Turkish Travel Guides
Throughout Turkey, my agents and I have several people whom we can recommend as superb guide-companion-lecturers. Good, licensed Turkish guides fluent in English are in high demand. As we plan your travels, I need to know, as early as possible, if you would like to have the services of one of our guides.
My own services as your cultural liaison and factotum in Turkey are also available. If that idea appeals to you, I invite your inquiries. My rates depend upon the nature of your program plus the costs of lodging, food, transportation– whatever it takes for me to be whatever you want.
I can steer you through bazaars and ruins, introduce you to Ottoman mosque architecture, show you autumn crocuses in bloom, teach you how to stuff grape-leaves, unravel the mysteries of tribal rugs, and translate your desires from English into Turkish.
Just as importantly, I can also leave you alone, merely staying in the background to make sure you’re armed with the knowledge of how to find my favorite wooden spoon shop or an Istanbul couturier whose creations rival those of Milan and Paris. People call me a guide, tour manager, translator, lecturer, art historian, and gastronomic fanatic. I confess to all. Sharing my knowledge and appreciation of the Mediterranean and the Middle East gives me immense pleasure
Should you wish to have me accompany you, I’ll be gratified and very flattered. However, until I see who is going to Turkey—and when—I cannot guarantee my own availability.
Some of our favorite hotels and yachts are already wait-listing clients for the 2012 season, so please let us hear from you at your earliest convenience. We look forward to helping you enjoy Turkey.
Want to know me—and Turkey—a little better? For an idiosyncratic look at the country’s complex and beguiling society, try my book Turkish Tapestry, A Traveller’s Portrait of Turkey.
The perfect cone of Hasan Dag rises against a few puffs of cumulus and a sky almost as blue as the mountain itself. Below lie the only amber waves of grain I know. I’ve never seen America’s great grasslands, but I recognize this extension of the steppes of Central Asia as the heartland of the country my heart has chosen.
It takes a wide-angle lens to encompass the Anatolian Plateau.
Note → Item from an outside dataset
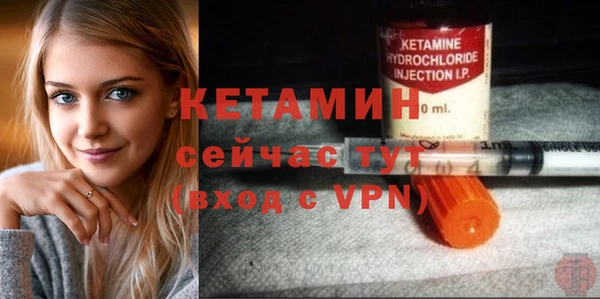 первитин Абинск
Here, photographs taken with a normal lens are diminished in majesty; only optical distortion makes the landscape look right, the way I see it, even without a camera. The little red poppies, the full-headed grain at my feet, and the stones in the sheepfold half-way up the distant slope seem to be in equally sharp focus, a neat trick. Mystics, monks, and dervishes have dwelt here for centuries. Surely, they have been bred by this plateau, where one need only raise a hand to touch the sky.